Party News
On 30 and 31 January Comrade Miller of Central London Branch gave two talks hosted by the Edinburgh and Glasgow branches, respectively. Both talks were on the subject of intellectual property and Free Software. The Edinburgh talk was attended by about 15 people, over half of them first-time visitors. Many of the visitors were avid users and developers of Free Software, and the talk was followed by a long and generally positive discussion. The Glasgow talk also had a similar-sized audience, with two visitors.
Comrade Miller began the talk by introducing and comparing the concepts of physical property and intellectual property (IP), explaining how the law treats them much the same despite the fact that IP requires practically no labour to reproduce and does not spoil or wear out. The primary purpose of laws preventing people from copying music, software, literature, and other information, then, is to effect an artificial scarcity which helps secure profits for IP owners.

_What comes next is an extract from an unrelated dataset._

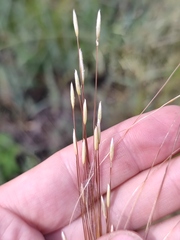 Stipa lessingiana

Comrade Miller explained how independent software developers, angry with the restrictions imposed by commercial IP owners, began to voluntarily license their software copyrights under terms which guaranteed that the software would always be free for others to use, study, copy, and modify. Since most new software is created by refining and combining existing pieces of software, this licensing scheme essentially returned control of the means of production of software to the community.
The Free Software licencing scheme has since been popularised and adapted to other forms of IP, most notably artwork and literature. Comrade Miller examined as a case study Wikipedia, a large online encyclopaedia which is collaboratively edited by thousands of volunteers from all over the world. The facts that editors contribute voluntarily and without compensation, and that the project operates in a largely democratic fashion without a government, serve to refute the common anti-socialist argument that people will not work and cooperate without coercion.
Though Wikipedia and other free content projects are not socialism, they are illustrative of how certain aspects of socialism could operate. If the artificial scarcity capitalism imposes on physical resources were abolished, as free licensing has done with certain informational resources, then what would be left to stop us from running the whole world through voluntary labour and free access?